Flights from Scarcity: The Endless Journeys of Wealth
What Do We Think We’re Finding When We Travel To Far Flung Places?
Part of our subscriber-only series on scarcity and the moral life.
Money allows us to not be locked into any particular place. But there are more adventures to be had than those of the explorers.
Neither Height Nor Depth: The Cosmogony of Wealth
The world’s attention was gripped this week by the disappearance of the Oceangate submersible, with five souls lost. Dying underwater is its own kind of horror. And all of the memes and jokes about their deaths only reflect a world incapable of valuing human life.1 Or at the minimum, the media jokes are fit a world which cannot see mass death events at sea as things which happen to humans.
Visiting the wreckage of the Titanic isn’t an regular occurence, but neither is it apparently that out of the ordinary. James Cameron, the director and erstwhile deep-sea explorer, has apparently been to the wreckage 33 times.2 I don’t see the appeal. As I contemplate a cross-country road trip to Michigan to go camping, the possibility of traveling in a submersible to see the Titanic might as well be in the same category as going to the moon.

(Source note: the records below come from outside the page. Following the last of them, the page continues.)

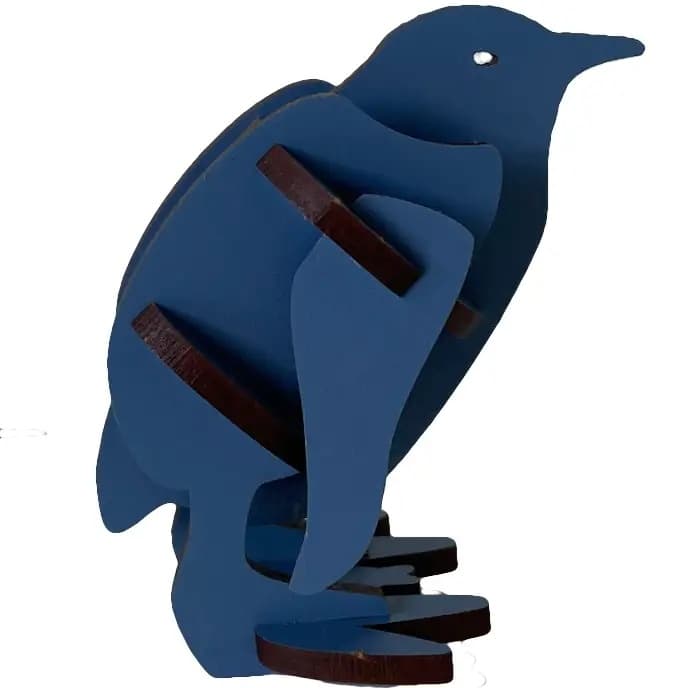 Kit de Construcție Micul Pinguin Albastru – Puzzle 3D din Lemn Sustenabil - Imagine principală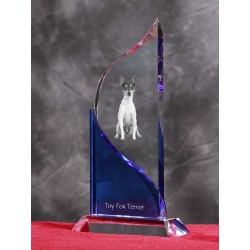 Toy Fox Terrier. Statue cristal a l'effigie d'un chien.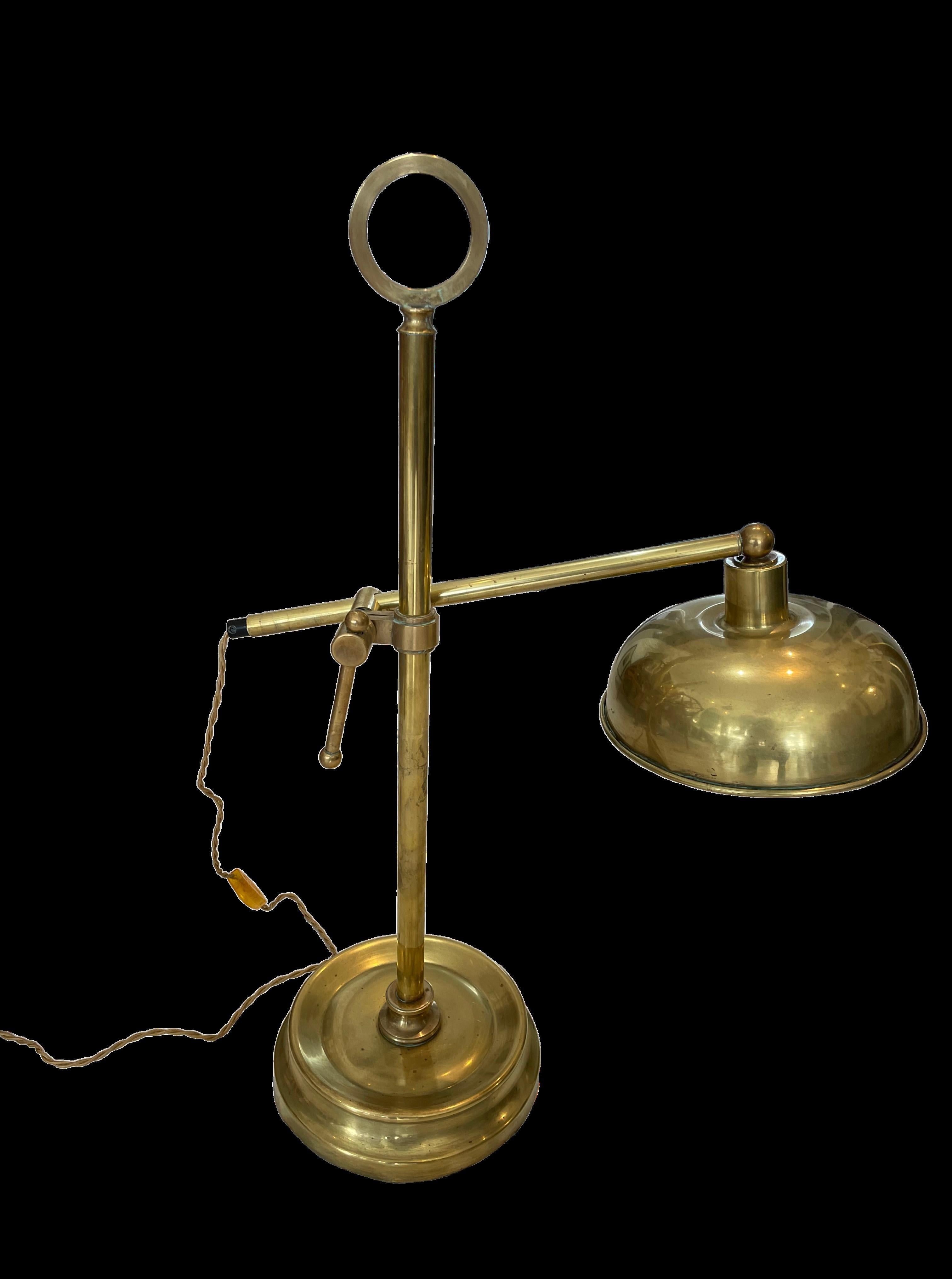 English Vintage Brass Adjustable Table Lamp  For Sale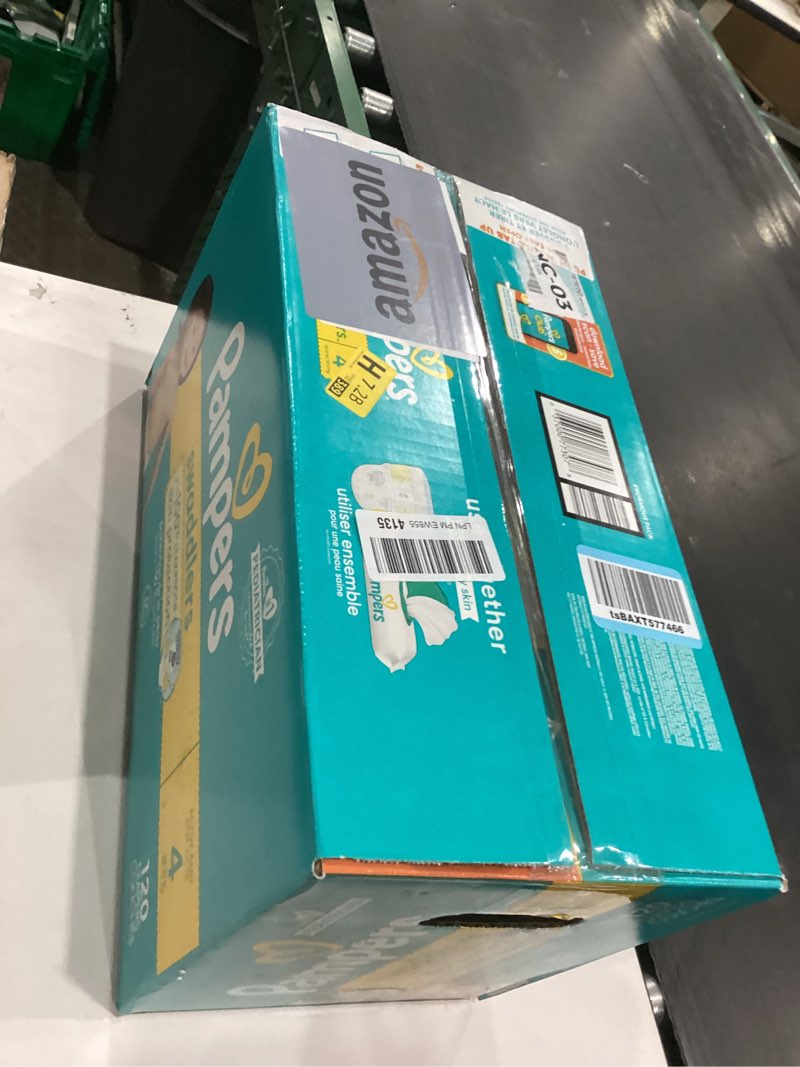 Condition photo showing New/Like New for Pampers Swaddlers Diapers, Size 4 (15-34 lbs), 120 Count, Absorbent, Keeps Baby Dry and Comfortable, Skin Safe Disposable Baby Diaper (Packaging May Vary) Size 4 120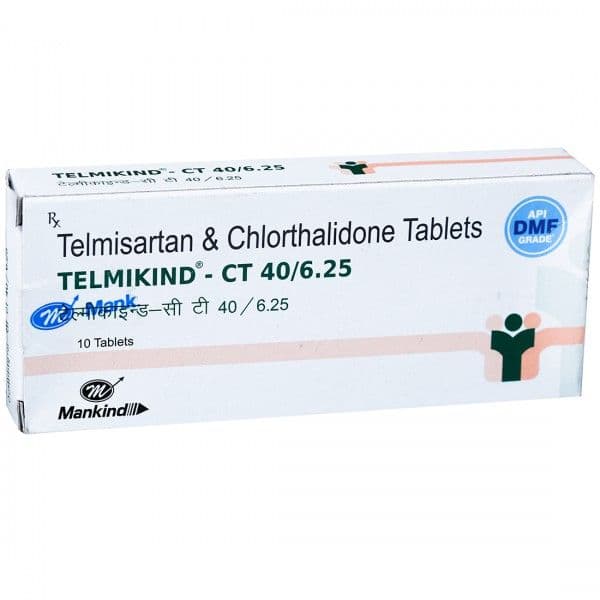 Telmikind CT 40/6.25 mg Tablet (10 Tab)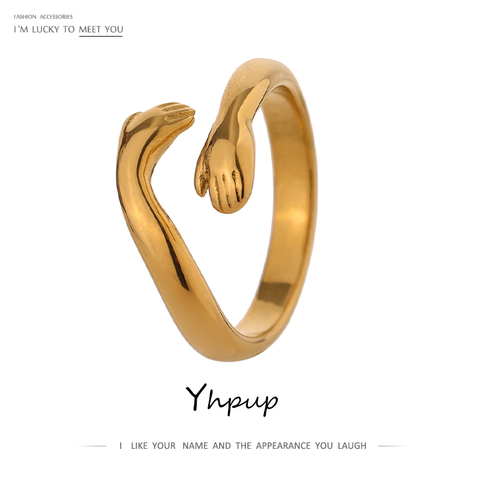 Yhpup New Design Embrace Ring Stainless Steel Jewelry for Women 18 K Metal Texture Gold Ring Accessories кольцо женское 2022 ► Photo 1/6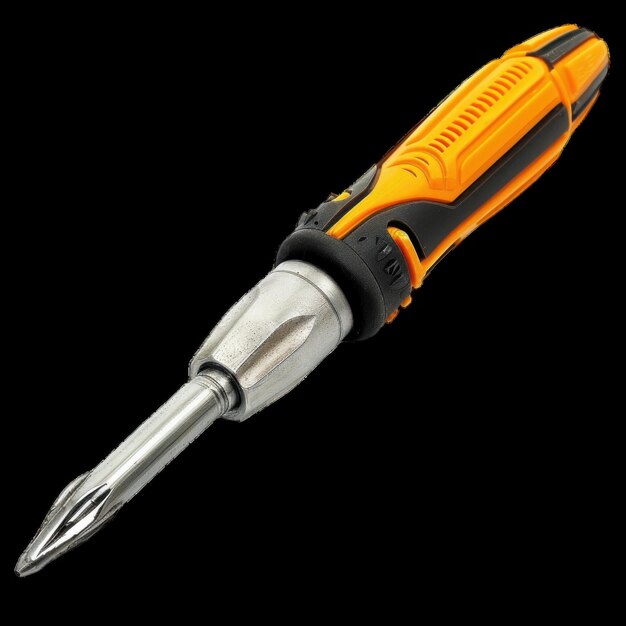 Closeup of a yellow and black screwdriver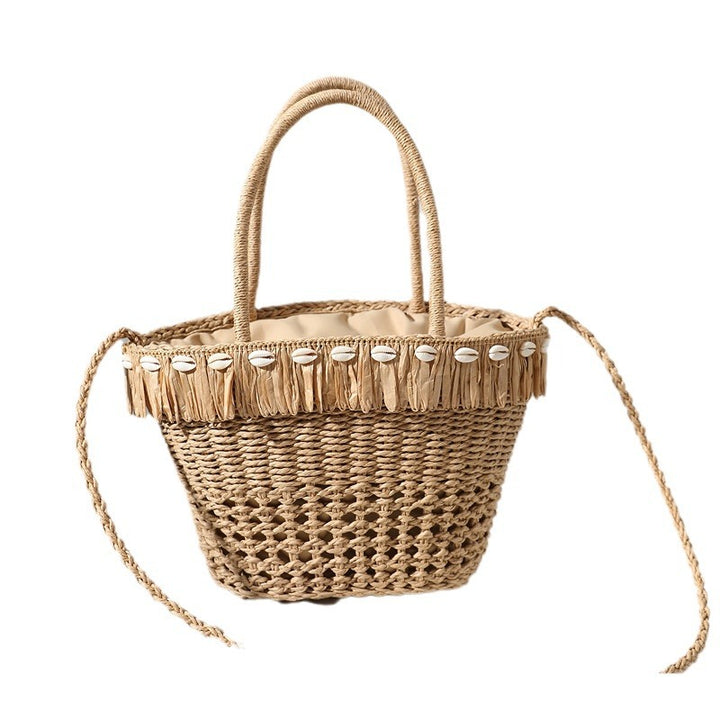 Braided straw bag with decorative tassel detail Bowlift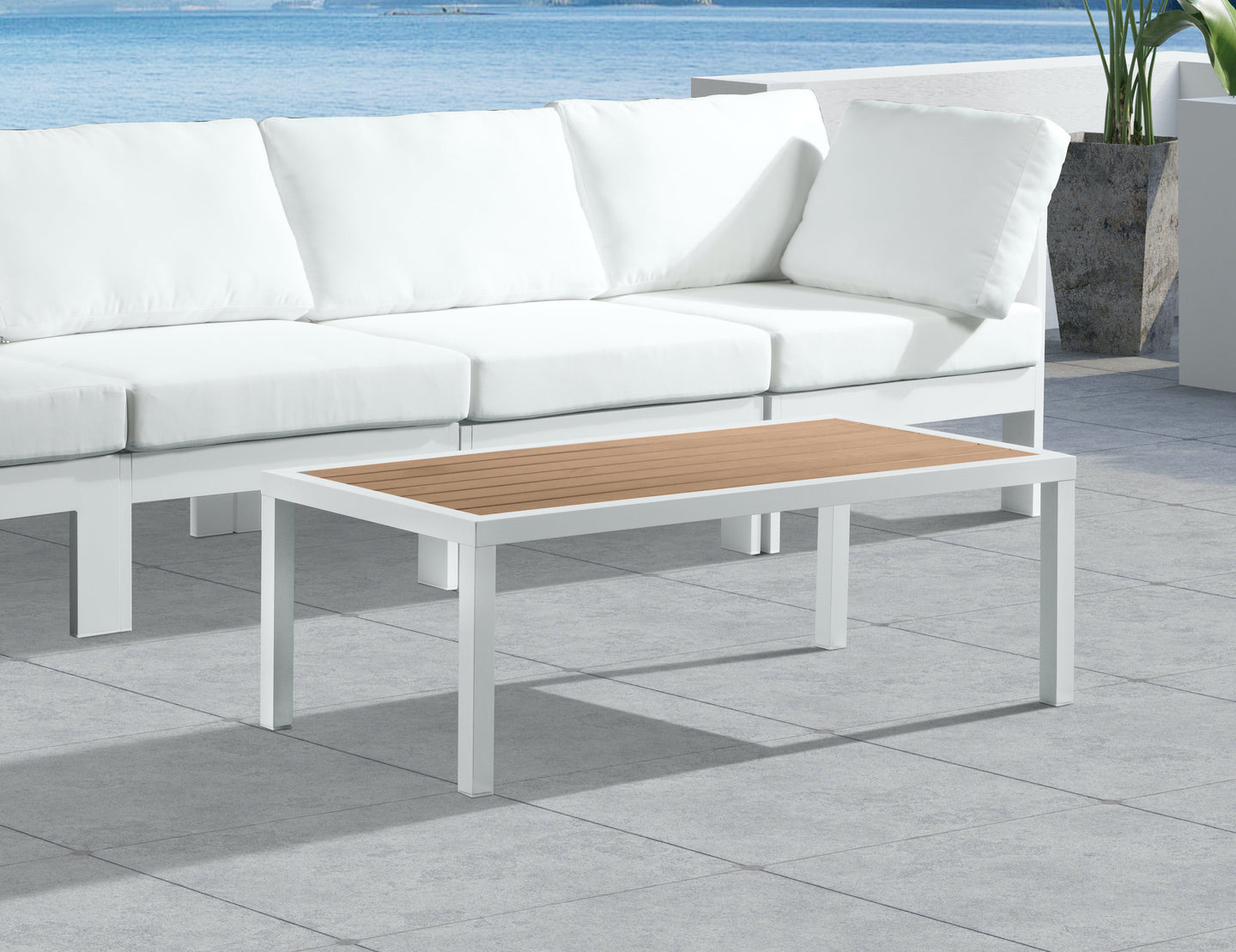 Nizuc Polywood Outdoor Patio Aluminum Coffee Table - Furniture Depot
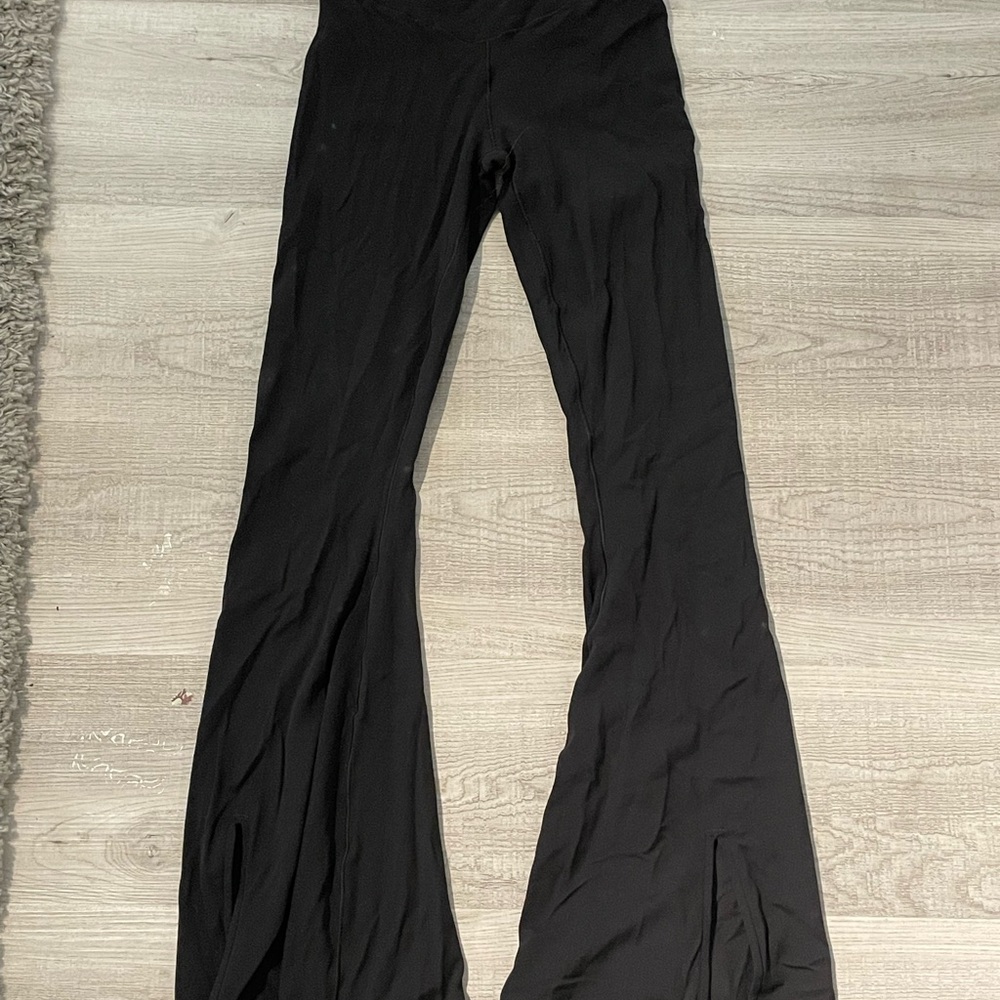 Aerie Offline Black Flared Slit Leggings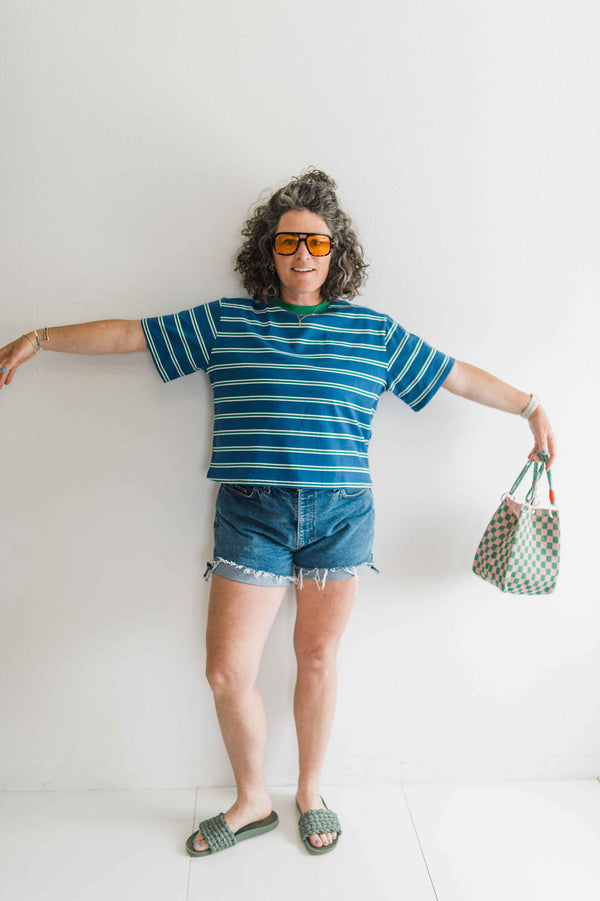 boxy stripe crop tee | blue + green
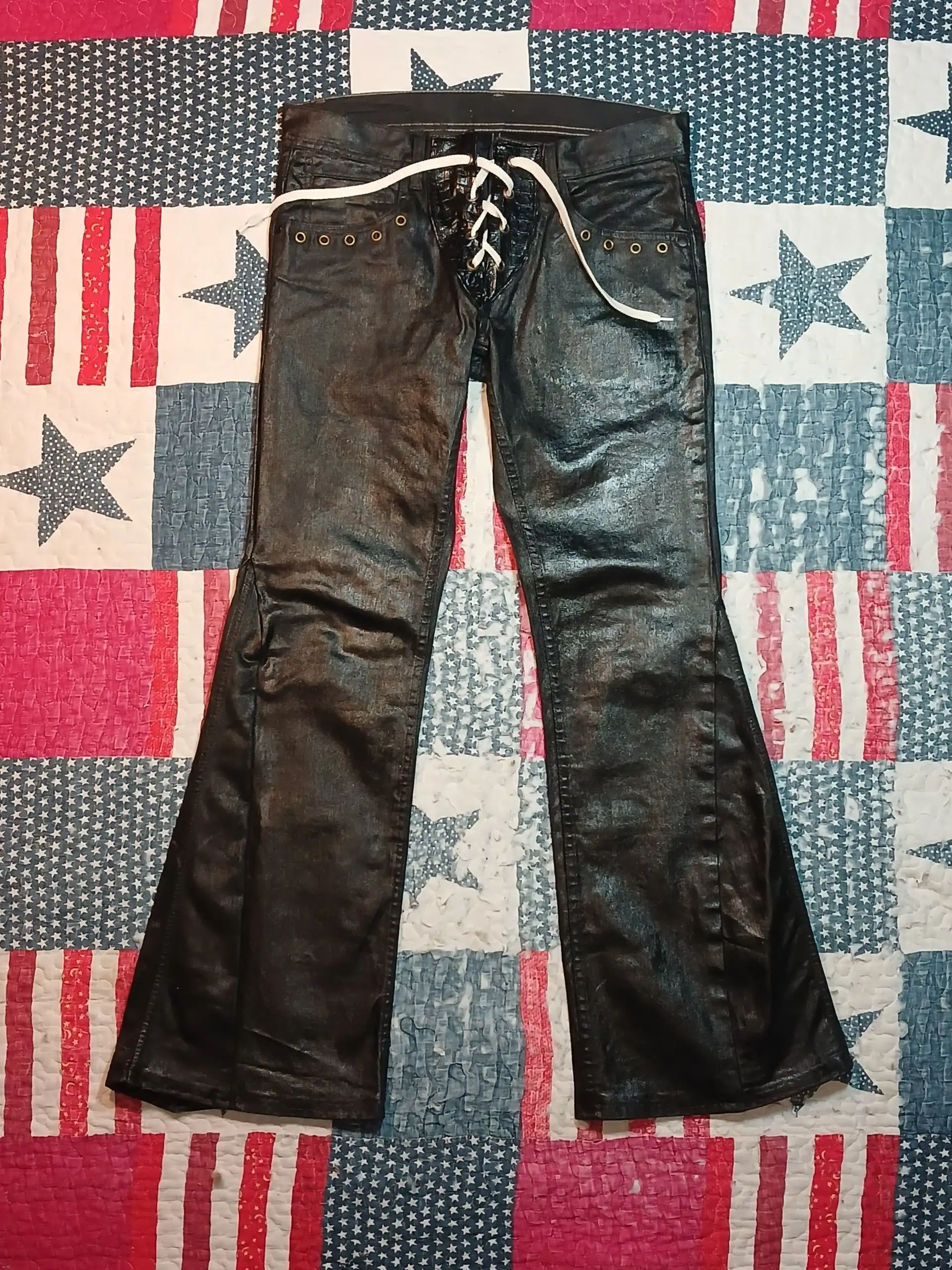 Waxed Custom Lace-up Jeans - Джинсы (Одежда) в Астрахань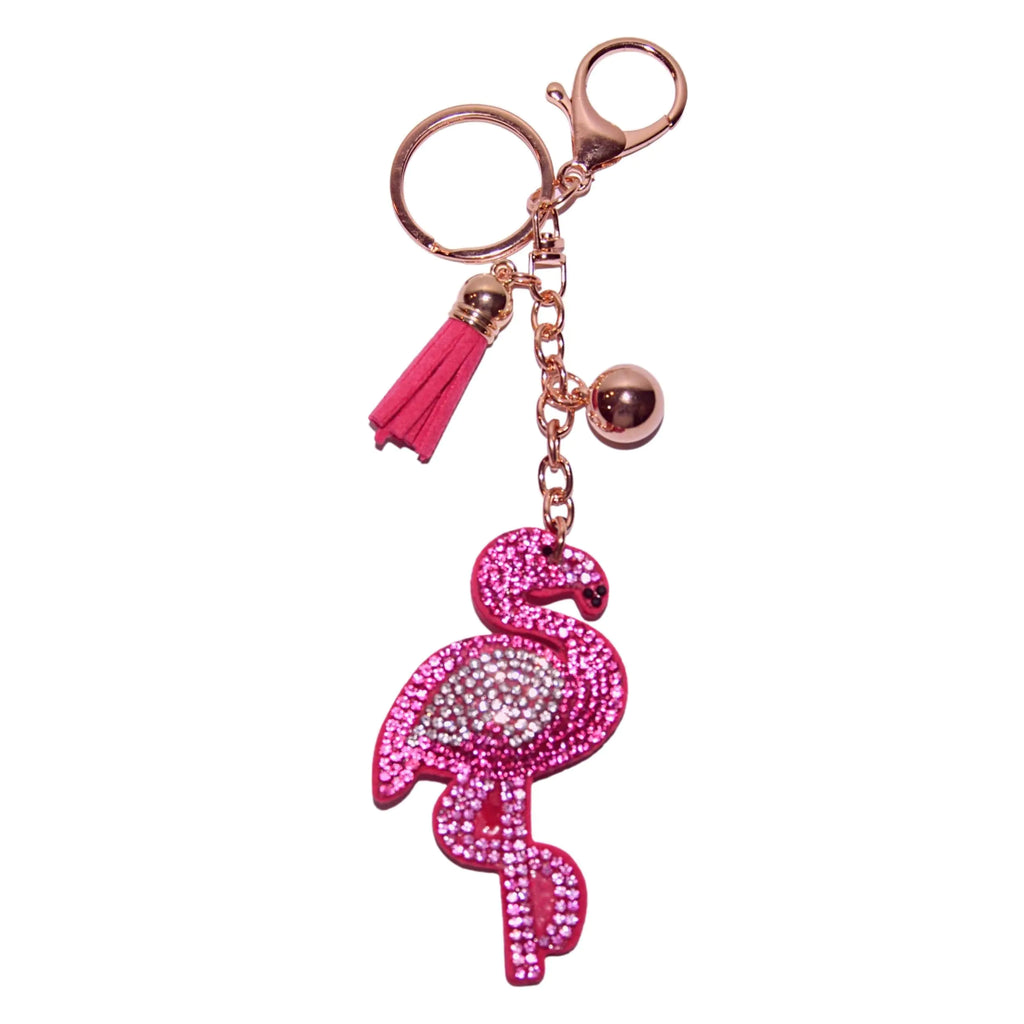 Popfizzy Rhinestone Pink Flamingo Keychain for Women Flamingo Backpack Charm Bling Purse Charm Flamingo Gift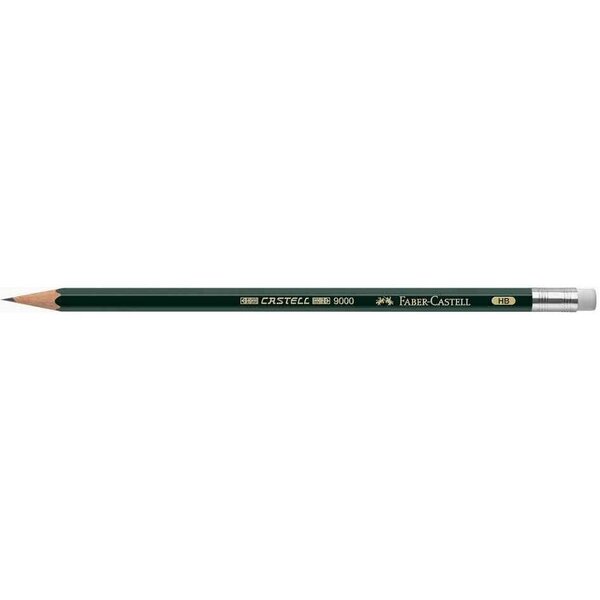 Crayon à papier 9000 Héxagonal Mine 2 mm B Bout Gomme x 12 FABER-CASTELL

Which…..it is, I think: much has been made of the price tag for the trip to the bottom of the Atlantic to visit the Titanic wreck ($250,000), a mere pittance of what Jeff Bezos’ guests allegedly paid. Wealth has always brought with it the ability to travel to exotic locations, whether to remote global locations, to its heights or to its depths. Before there was outer space or the ocean floor, there was the unknown territories across the Atlantic, the undiscovered mountains of Nepal, the pristine hunting grounds of the Sahara.
This is, of course, what money does: it enables travel, not though it’s spending so much as its sheer existence. Money itself was developed as a portable version of goods, to allow for people to not have to travel with great number of goods, but merely with coins banked by banks: easier to travel across the world with a bag of coins than with a herd of cattle. Credit cards allow this luxury to be extended to the masses, allowing folks like you and me to defer our lack of resources and see sights which we don’t have the tangible goats and cattle to trade for.
Money allows for us all to escape the tight orbits of particular places, and enough money allows for an almost infinite escape.
But the path traveled by the wealthy is mimetic: it is one that all are enticed to travel. The depth and height of travel enabled by great wealth is not simply one which allows the traveler to observe the world, but to create what counts as height and depth itself. What began as the travel of one European to the top of Everest now has opened up a whole commercial industry; what began as a novel exploratory venture to recover one of the most famous wrecks in history now exists as a travel tour. That which began in wealth creates a new world in which the ceiling is higher and the floor lower.